ACL reconstruction using a flexor tendon autograft was performed in 56 mice randomized to 4 groups with differing times to initiation of postoperative mechanical loading: (1) immediate, (2) 5 days, (3) 10 days, or (4) 21 days following surgery. An external fixator was placed across the knee at the time of surgery and removed when mechanical loading was scheduled to commence. Following removal of the external fixator, animals were permitted free, unrestricted cage activity. All mice were killed on postoperative day 28, and tendon-to-bone healing was assessed by biomechanical testing, microcomputed tomography (micro-CT), and histological analysis.
The mean failure force (and standard deviation) of the reconstructed ACL at the time of sacrifice was highest for Group 2 (3.29 ± 0.68 N) compared with Groups 1, 3, and 4 (p = 0.008). Micro-CT bone volume fraction was greatest for Group 2 in the femoral tunnel (p = 0.001), tibial tunnel (p = 0.063), and both bones (p < 0.001).
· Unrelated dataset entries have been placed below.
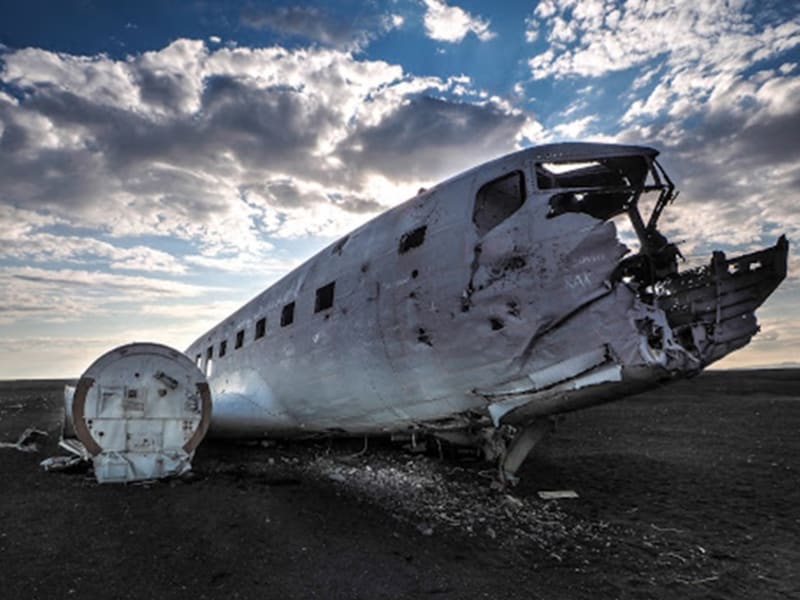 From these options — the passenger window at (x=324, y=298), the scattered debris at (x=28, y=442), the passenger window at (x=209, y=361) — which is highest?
the passenger window at (x=324, y=298)

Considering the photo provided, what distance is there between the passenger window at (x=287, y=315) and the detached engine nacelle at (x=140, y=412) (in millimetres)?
1821

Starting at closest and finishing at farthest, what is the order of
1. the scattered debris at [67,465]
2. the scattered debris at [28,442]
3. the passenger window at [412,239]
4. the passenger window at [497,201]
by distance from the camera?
the passenger window at [497,201], the passenger window at [412,239], the scattered debris at [67,465], the scattered debris at [28,442]

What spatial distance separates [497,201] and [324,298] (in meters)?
3.43

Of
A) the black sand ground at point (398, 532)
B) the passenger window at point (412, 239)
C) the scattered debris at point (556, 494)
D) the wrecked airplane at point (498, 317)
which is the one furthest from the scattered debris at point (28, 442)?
the scattered debris at point (556, 494)

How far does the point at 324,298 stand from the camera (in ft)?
26.6

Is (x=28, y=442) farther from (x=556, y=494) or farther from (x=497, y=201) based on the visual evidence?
(x=497, y=201)

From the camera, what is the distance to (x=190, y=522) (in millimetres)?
5887

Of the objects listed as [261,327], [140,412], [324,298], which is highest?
[324,298]

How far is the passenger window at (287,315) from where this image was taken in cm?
909

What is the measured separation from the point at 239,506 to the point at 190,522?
794 mm

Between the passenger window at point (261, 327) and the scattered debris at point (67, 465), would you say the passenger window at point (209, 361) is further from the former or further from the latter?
the scattered debris at point (67, 465)

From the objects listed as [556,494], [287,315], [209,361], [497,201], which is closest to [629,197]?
[497,201]

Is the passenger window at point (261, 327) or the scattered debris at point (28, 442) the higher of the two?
the passenger window at point (261, 327)

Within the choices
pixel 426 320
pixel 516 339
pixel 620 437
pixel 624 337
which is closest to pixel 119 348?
pixel 426 320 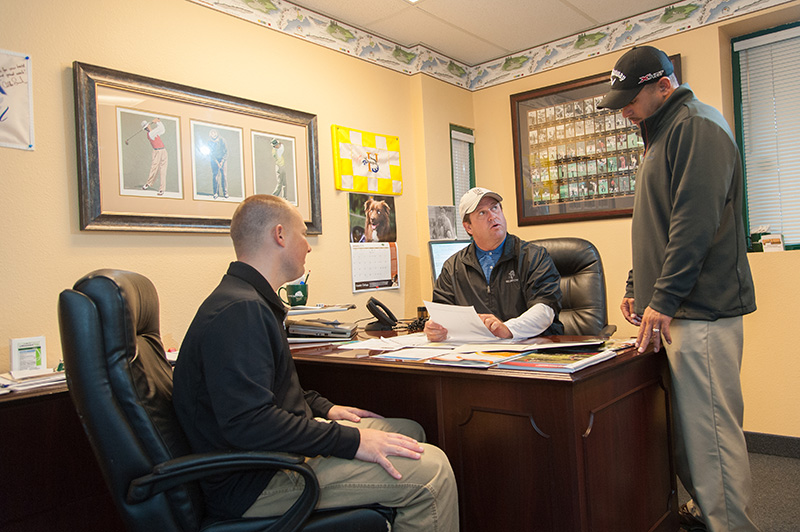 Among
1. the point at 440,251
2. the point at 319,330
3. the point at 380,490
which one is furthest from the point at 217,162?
the point at 380,490

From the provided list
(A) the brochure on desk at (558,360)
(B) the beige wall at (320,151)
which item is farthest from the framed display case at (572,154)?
(A) the brochure on desk at (558,360)

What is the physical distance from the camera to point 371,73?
3557mm

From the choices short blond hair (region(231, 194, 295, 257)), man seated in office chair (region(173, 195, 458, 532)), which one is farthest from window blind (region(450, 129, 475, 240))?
man seated in office chair (region(173, 195, 458, 532))

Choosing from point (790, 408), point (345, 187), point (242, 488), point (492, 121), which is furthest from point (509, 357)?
point (492, 121)

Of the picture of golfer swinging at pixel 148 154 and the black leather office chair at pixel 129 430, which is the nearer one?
the black leather office chair at pixel 129 430

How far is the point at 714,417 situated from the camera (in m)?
1.80

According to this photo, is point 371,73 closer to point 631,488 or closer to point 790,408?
point 631,488

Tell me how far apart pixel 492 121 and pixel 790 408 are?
2597mm

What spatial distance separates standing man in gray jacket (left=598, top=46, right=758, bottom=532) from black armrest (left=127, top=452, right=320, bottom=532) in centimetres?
114

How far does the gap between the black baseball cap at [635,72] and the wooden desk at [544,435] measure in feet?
3.04

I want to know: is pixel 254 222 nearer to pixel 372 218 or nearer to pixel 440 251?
pixel 372 218

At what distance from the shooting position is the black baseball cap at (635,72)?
197 centimetres

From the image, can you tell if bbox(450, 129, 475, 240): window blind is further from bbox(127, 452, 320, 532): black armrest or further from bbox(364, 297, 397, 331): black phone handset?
bbox(127, 452, 320, 532): black armrest

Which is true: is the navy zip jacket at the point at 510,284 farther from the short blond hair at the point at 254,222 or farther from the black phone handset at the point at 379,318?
the short blond hair at the point at 254,222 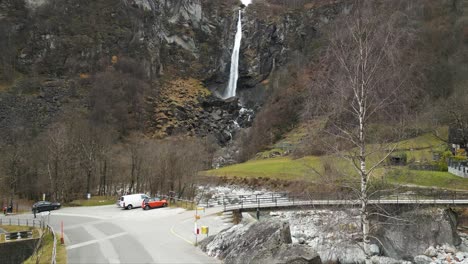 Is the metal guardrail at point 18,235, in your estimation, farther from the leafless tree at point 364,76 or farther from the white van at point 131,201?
the leafless tree at point 364,76

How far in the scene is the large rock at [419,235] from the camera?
20891 mm

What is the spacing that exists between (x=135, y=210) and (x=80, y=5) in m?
101

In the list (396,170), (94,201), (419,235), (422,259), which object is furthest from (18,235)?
(396,170)

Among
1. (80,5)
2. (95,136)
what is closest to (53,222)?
(95,136)

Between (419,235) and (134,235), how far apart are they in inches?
664

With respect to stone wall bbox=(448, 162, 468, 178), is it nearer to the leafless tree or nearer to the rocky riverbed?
the rocky riverbed

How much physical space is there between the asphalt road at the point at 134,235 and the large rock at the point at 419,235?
32.9 feet

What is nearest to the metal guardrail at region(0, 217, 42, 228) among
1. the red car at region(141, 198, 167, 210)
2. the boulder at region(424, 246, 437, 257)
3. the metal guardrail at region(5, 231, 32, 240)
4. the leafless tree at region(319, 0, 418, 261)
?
the metal guardrail at region(5, 231, 32, 240)

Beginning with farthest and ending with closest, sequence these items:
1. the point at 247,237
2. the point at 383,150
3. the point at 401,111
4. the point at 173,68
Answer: the point at 173,68 < the point at 247,237 < the point at 383,150 < the point at 401,111

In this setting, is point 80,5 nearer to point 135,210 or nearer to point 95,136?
point 95,136

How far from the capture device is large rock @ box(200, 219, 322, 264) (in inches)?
496

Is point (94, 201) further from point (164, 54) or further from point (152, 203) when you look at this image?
point (164, 54)

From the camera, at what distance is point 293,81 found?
97.5 metres

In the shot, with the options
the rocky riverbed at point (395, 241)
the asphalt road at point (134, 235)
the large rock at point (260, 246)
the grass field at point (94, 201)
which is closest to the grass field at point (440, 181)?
the rocky riverbed at point (395, 241) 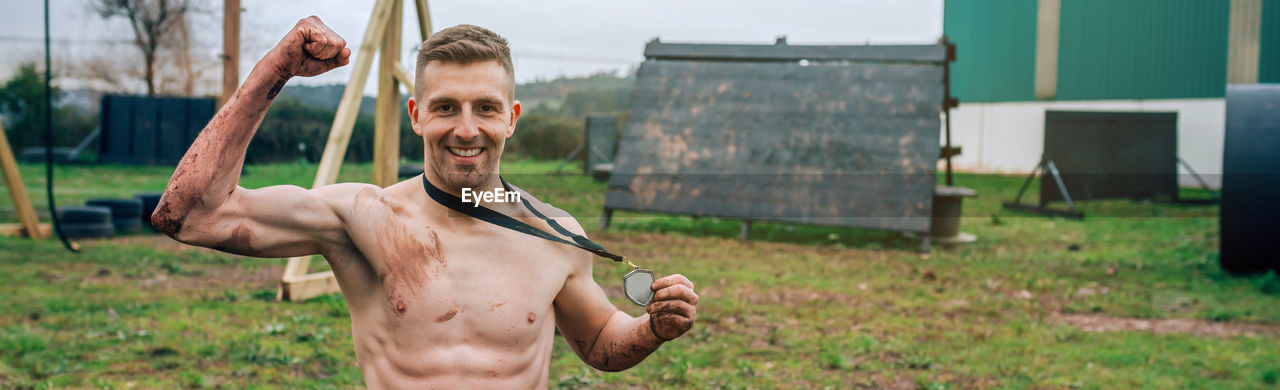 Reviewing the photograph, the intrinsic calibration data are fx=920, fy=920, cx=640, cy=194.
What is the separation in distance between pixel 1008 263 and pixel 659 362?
5.79 m

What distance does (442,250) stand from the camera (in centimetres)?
221

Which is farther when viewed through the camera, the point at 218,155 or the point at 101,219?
the point at 101,219

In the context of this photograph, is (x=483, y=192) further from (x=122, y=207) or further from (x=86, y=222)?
(x=122, y=207)

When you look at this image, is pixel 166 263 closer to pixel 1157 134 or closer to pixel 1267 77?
pixel 1157 134

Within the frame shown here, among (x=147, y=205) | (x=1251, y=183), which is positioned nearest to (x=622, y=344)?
(x=1251, y=183)

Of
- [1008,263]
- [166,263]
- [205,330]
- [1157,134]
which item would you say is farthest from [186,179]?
[1157,134]

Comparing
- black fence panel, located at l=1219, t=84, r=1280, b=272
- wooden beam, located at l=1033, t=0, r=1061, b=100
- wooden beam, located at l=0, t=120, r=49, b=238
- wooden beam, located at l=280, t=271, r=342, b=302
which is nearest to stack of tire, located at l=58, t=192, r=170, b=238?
wooden beam, located at l=0, t=120, r=49, b=238

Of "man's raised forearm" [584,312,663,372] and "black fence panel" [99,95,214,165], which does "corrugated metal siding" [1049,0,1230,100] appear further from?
"man's raised forearm" [584,312,663,372]

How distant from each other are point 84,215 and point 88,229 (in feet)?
0.56

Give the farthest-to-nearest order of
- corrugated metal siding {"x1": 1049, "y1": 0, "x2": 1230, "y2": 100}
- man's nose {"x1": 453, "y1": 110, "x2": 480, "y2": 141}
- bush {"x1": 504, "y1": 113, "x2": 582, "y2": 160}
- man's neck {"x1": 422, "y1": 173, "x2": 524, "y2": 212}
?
1. bush {"x1": 504, "y1": 113, "x2": 582, "y2": 160}
2. corrugated metal siding {"x1": 1049, "y1": 0, "x2": 1230, "y2": 100}
3. man's neck {"x1": 422, "y1": 173, "x2": 524, "y2": 212}
4. man's nose {"x1": 453, "y1": 110, "x2": 480, "y2": 141}

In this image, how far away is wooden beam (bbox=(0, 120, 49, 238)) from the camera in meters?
9.05

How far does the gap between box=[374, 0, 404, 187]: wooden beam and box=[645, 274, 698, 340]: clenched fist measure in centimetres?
542

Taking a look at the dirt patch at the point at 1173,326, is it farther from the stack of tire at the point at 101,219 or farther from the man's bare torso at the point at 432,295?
the stack of tire at the point at 101,219

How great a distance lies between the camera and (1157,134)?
17.0 m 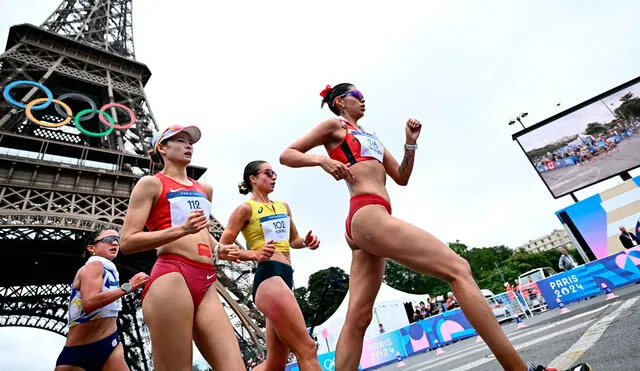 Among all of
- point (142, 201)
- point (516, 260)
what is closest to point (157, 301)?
point (142, 201)

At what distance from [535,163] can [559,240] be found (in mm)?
113947

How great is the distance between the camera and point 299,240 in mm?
3463

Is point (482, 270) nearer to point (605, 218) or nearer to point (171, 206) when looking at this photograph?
point (605, 218)

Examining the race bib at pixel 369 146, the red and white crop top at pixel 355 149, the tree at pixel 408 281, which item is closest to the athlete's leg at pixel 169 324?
the red and white crop top at pixel 355 149

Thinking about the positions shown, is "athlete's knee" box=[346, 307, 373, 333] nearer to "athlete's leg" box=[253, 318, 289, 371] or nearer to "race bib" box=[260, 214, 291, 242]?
"athlete's leg" box=[253, 318, 289, 371]

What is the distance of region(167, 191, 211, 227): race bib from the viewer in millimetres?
2104

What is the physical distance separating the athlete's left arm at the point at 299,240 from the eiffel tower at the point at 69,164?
12752 mm

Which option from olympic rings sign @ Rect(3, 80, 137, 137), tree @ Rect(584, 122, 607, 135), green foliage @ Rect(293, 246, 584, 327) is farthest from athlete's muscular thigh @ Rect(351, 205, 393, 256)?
green foliage @ Rect(293, 246, 584, 327)

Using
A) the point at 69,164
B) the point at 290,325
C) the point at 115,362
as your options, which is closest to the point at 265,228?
the point at 290,325

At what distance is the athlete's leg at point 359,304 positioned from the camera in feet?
7.56

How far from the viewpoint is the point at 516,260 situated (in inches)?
2237

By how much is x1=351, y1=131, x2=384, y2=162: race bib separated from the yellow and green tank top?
103 cm

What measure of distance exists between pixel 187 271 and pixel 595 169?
2307 centimetres

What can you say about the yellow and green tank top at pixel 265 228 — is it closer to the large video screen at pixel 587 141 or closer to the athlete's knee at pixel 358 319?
the athlete's knee at pixel 358 319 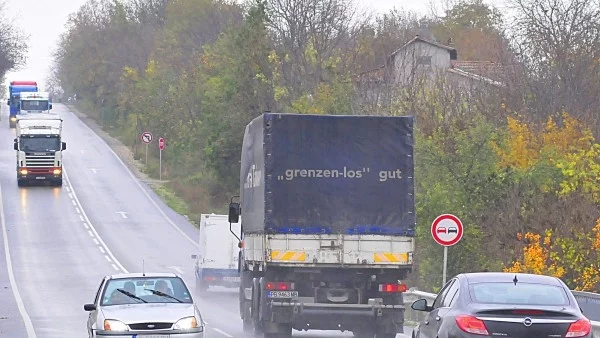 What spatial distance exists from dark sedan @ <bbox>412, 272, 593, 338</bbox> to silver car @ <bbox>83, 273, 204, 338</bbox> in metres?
4.73

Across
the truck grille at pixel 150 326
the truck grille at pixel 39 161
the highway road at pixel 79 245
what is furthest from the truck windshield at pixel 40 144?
the truck grille at pixel 150 326

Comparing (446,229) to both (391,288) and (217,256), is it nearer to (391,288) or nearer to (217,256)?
(391,288)

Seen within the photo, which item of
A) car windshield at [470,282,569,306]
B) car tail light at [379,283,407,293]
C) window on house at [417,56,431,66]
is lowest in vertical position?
car tail light at [379,283,407,293]

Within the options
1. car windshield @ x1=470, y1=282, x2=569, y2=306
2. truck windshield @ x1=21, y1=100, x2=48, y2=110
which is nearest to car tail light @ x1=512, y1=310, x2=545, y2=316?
car windshield @ x1=470, y1=282, x2=569, y2=306

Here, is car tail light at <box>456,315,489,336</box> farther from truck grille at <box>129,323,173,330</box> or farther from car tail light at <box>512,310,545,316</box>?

Similarly, histological analysis demonstrated a narrower scar tissue interface and increased direct contact at the tendon-bone interface (p = 0.012) for Group 2.
Following ACL reconstruction, a defined period of immobilization without weight-bearing appears to improve biomechanical strength of the healing tendon-bone interface, while prolonged periods without mechanical load and motion decrease the ultimate load to failure in this murine model.
The ideal period of restricted weight-bearing and motion following ACL reconstruction remains undefined. In a murine model, improved healing was noted for animals immobilized for a brief period of 5 days. This work may serve as an initial step in determining the ideal time period in a clinical population.
在前交叉韧带(ACL)重建后,组织的机械加载对肌腱-骨愈合有重大影响。本研究的目的是确定启动机械加载的时机对骨隧道中肌腱移植物愈合的影响。
56 只小鼠随机分为 4 组,每组在术后不同时间开始机械加载:(1)立即,(2)术后 5 天,(3)术后 10 天,或(4)术后 21 天。手术时在膝关节上放置外固定器,当计划开始机械加载时将其移除。移除外固定器后,动物可以自由、不受限制地在笼子中活动。所有小鼠均在术后第 28 天处死,通过生物力学测试、微计算机断层扫描(micro-CT)和组织学分析评估肌腱-骨愈合情况。
在处死时,重建 ACL 的平均失效力(及标准差)以第 2 组最高(3.29 ± 0.68 N),与第 1、3 和 4 组相比(p = 0.008)。micro-CT 骨体积分数在股骨隧道(p = 0.001)、胫骨隧道(p = 0.063)和双骨中以第 2 组最高(p < 0.001)。同样,组织学分析显示第 2 组肌腱-骨界面的瘢痕组织界面更窄,直接接触增加(p = 0.012)。
在 ACL 重建后,一段时间的固定而不承受体重似乎可以提高愈合肌腱-骨界面的生物力学强度,而长时间没有机械负荷和运动则会降低该鼠模型中最终失效负荷。
ACL 重建后限制负重和运动的理想时间仍未确定。在鼠模型中,固定 5 天的短时间内观察到愈合改善。这项工作可能是确定临床人群理想时间的初步步骤。